Ce qui reste, une fois l'anachronisme écarté, est considérable : la première formulation rigoureuse de l'idée que le prélèvement détruit sa propre assiette quand il franchit un seuil — et qu'il tend structurellement à le franchir.
L'objection que Scott se fait à lui-même
Le chapitre 7 de Homo Domesticus s'intitule « L'âge d'or des barbares », et il ruine — en apparence — tout ce qui précède.
Car les « barbares » — nomades, montagnards, gens des marais, tous ceux que l'État ne tient pas — prélèvent massivement, et n'écrivent rien. La razzia prend en un jour ce que l'impôt prend en un an. Les steppes ont fait trembler les empires agraires pendant deux millénaires, et l'on sait que des confédérations nomades ont vécu somptueusement du tribut — le mot est faible : du chantage — imposé à la Chine.
La thèse s'effondre-t-elle ? Non : elle se déplace, et gagne en précision. Regardez ce que pille le pilleur : du grain déjà moissonné, déjà mesuré, déjà stocké — par l'État. Le nomade ne cadastre pas, parce que l'État a cadastré pour lui. La razzia est un prélèvement parasite, de second ordre, qui suppose le registre d'autrui. D'où la formule de Scott : les barbares sont les « jumeaux sombres » de la civilisation — ils prospèrent à sa lisière, jamais loin d'elle, et meurent de sa mort.
Version corrigée de la thèse, donc : l'inscription n'est pas la condition de tout prélèvement ; elle est la condition du prélèvement régulier, intérieur et durable. Le coup de main s'en passe ; l'impôt, jamais.
L'objection qui vient d'ailleurs
Reste une épreuve, que Scott ne fait que frôler et que nous prendrons de front au module 10 : l'Afrique.

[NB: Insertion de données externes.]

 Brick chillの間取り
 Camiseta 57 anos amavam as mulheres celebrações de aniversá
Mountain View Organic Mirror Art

Sur une grande partie du continent, historiquement, la terre était abondante et les hommes rares — l'inverse exact de la basse Mésopotamie. Or que devient le mécanisme dans ce cas ? Taxer la terre n'a aucun sens : le paysan pressuré s'en va défricher plus loin, et l'exit est toujours ouvert. Ce qui est rare, donc précieux, donc disputé, ce ne sont pas les champs : ce sont les personnes. Et de fait, les formes africaines du pouvoir et de la richesse — clientèles, dépendants, captifs, épouses, ce que l'historiographie appelle la richesse en hommes — portent sur les gens, non sur les surfaces.

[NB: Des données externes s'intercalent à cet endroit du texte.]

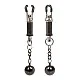 Weighted Twist Nipple Clamps - Zilver van het merk Nipple Play - Tepelklemmen - online bestellen bij Masculum.nl. De discrete online seks-toys en erotisch heren ondergoed winkel voor gay & hetero mannen.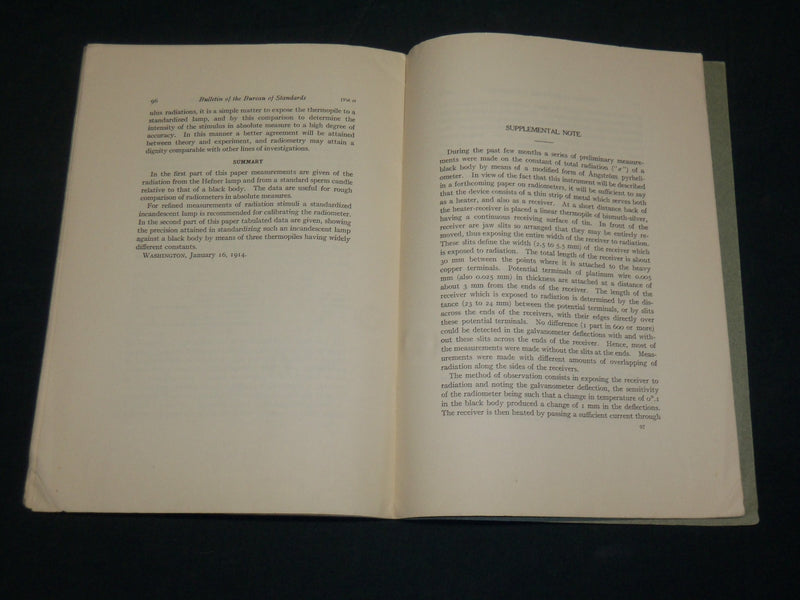 1914-1916 SCIENTIFIC PAPERS BUREAU OF STANDARDS REPORTS LOT OF 3 - J 5939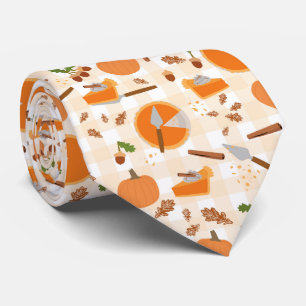 Pumpkin Paj höstfällning Mönster Slips
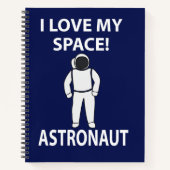 Astronautin I Liebe mein Raumfahrer Notizblock (Vorderseite)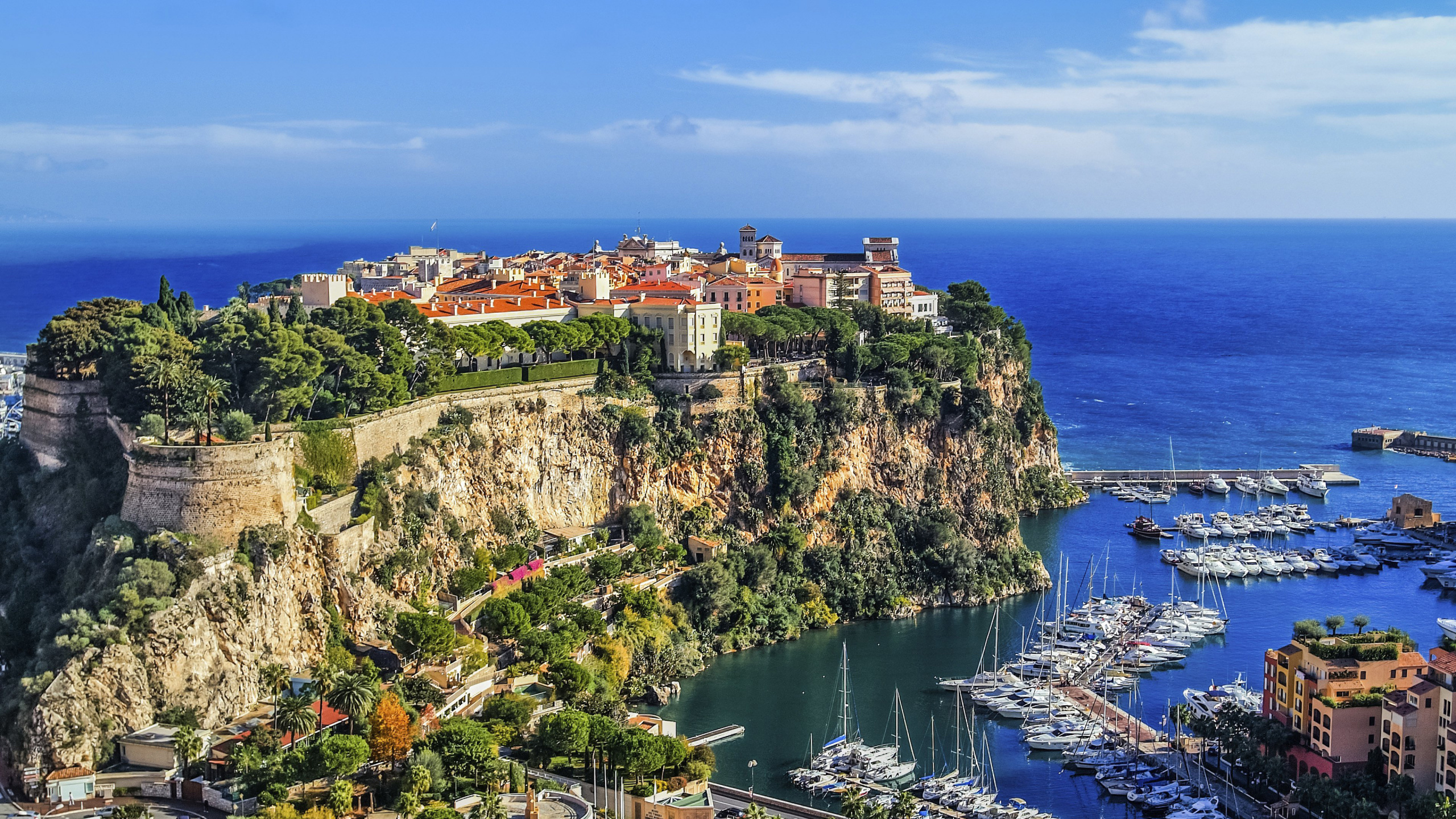 Aerial View of City Buildings Near Body of Water During Daytime. Wallpaper in 2560x1440 Resolution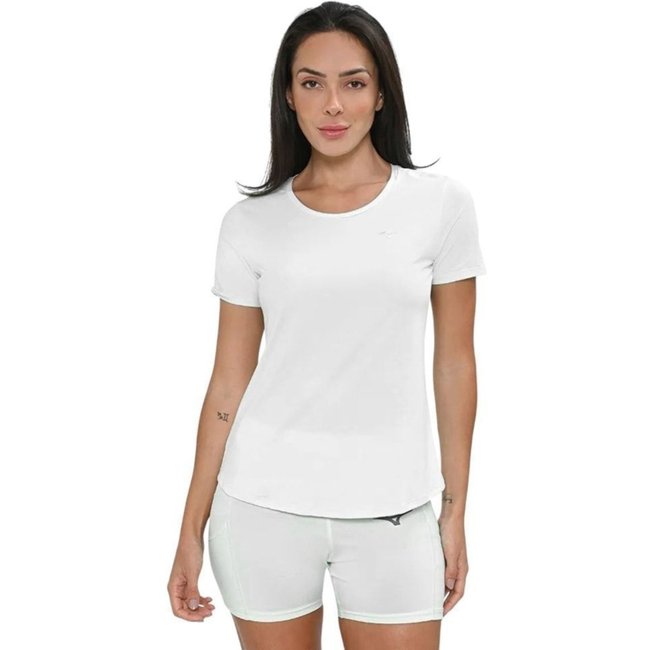 Camiseta Mizuno Pro UV Feminina - Branco - mizuno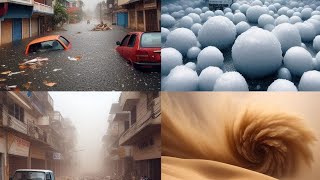 Unprecedented Weather Events Floods in Africa Hail in Italy Tornado in Haiti Sandstorm in China [upl. by Lesya]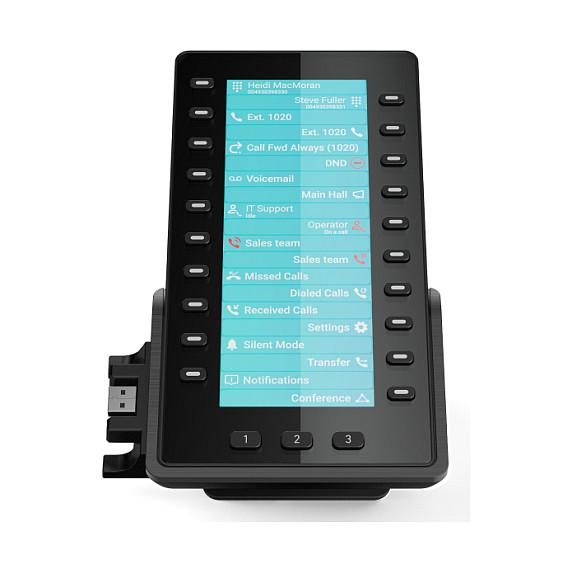 Modul Zgjerimi për Telefon VoIP Snom D8C, 6.86", TFT, 1280x480, 20 Taste, 60 Funksione të Programueshme, USB 2.0 - Zezë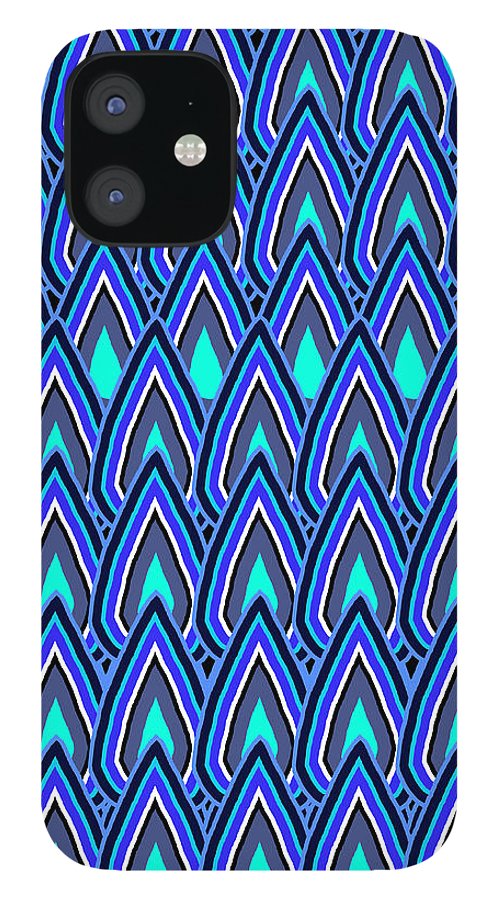 Teardrops In Blue - Phone Case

Le mécanisme de Scott n'est pas réfuté : il est paramétré. Là où la terre est le facteur rare, on inscrit des champs ; là où c'est l'homme, on marque des corps et l'on compte des dépendants. Ce que l'État inscrit, c'est toujours le facteur rare. Gardez cette reformulation : c'est elle que le module 10 mettra à l'épreuve, et elle éclaire d'avance le module 9 — car l'esclavage de plantation est exactement cela : un prélèvement inscrit sur les personnes.
Ce qu'il faut emporter
- Le mécanisme céréalier tient en cinq propriétés : visible, datable, simultanée, mesurable, stockable. L'igname échoue à quatre.

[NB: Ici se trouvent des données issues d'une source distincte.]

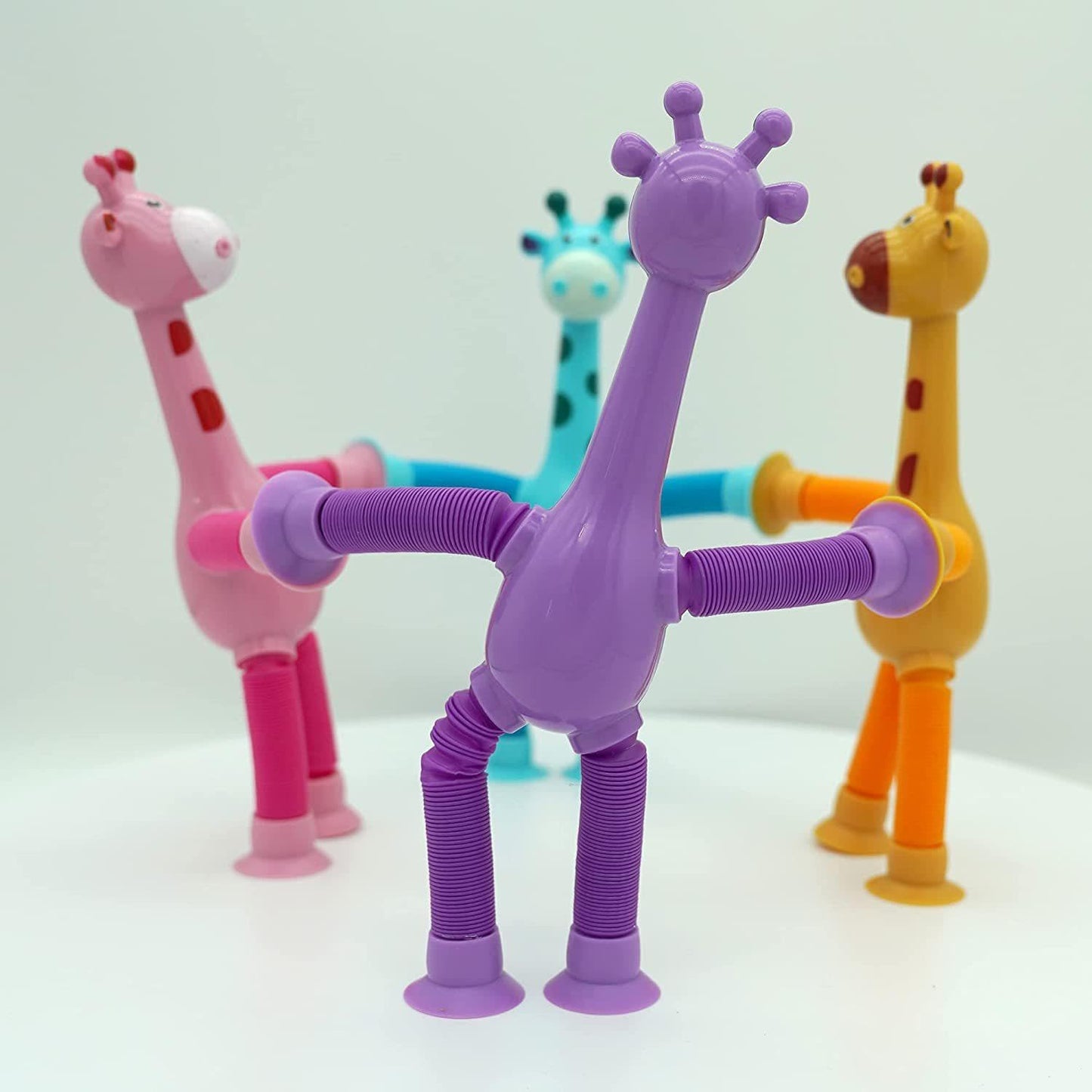Set 4 Piezas Sensorial pop tube jirafa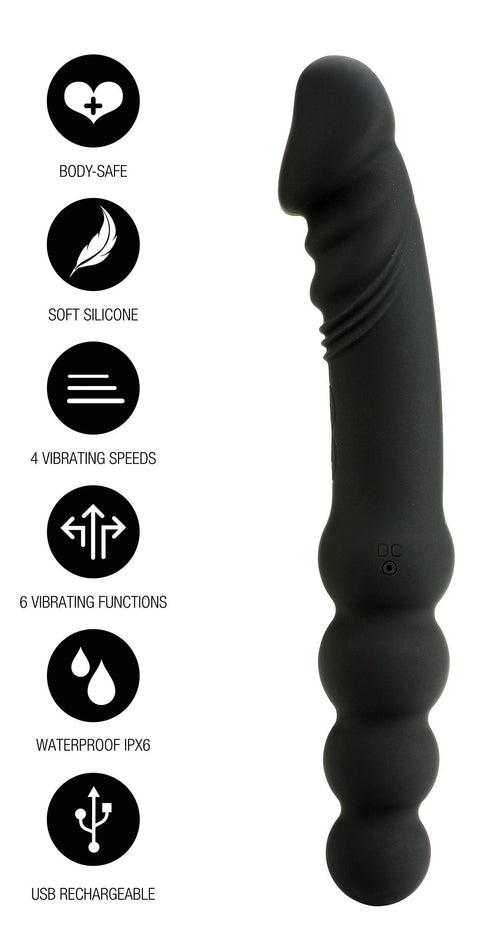 Double Gode Vibrant Dick'n Balls 23 x 4cm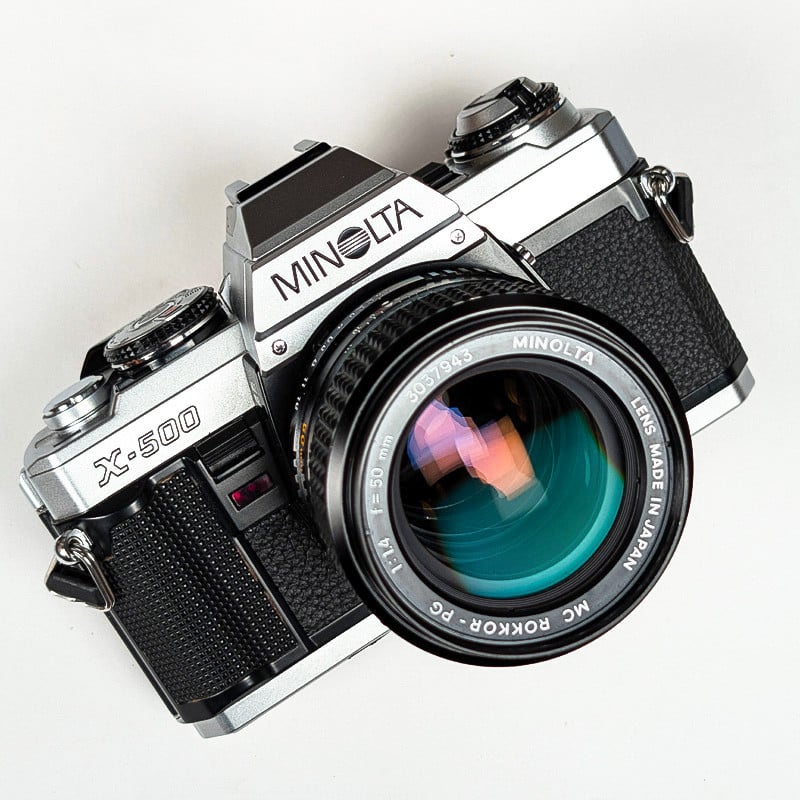 Minolta X-500 & 50mm 1.4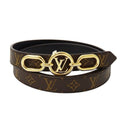 Louis Vuitton Belt Monogram Canvas LV Circle Prime Noir Black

- Mais la céréale précède l'État de plusieurs millénaires : condition nécessaire, non suffisante. Scott le concède, et ce concessif est un modèle de méthode.
- L'écriture naît comptable ; le grenier est à double face — assurance et cible.
- Ibn Khaldūn : le prélèvement détruit son assiette au-delà d'un seuil, et tend par destin dynastique à le franchir. Cycle, non conseil ; le lire en courbe de Laffer est un anachronisme.
- La razzia prélève sans écrire — mais sur le registre d'autrui. Thèse corrigée : l'inscription conditionne le prélèvement régulier et intérieur.
- Là où l'homme est le facteur rare, c'est lui qu'on inscrit. L'Afrique impose de reparamétrer le mécanisme, non de l'abandonner.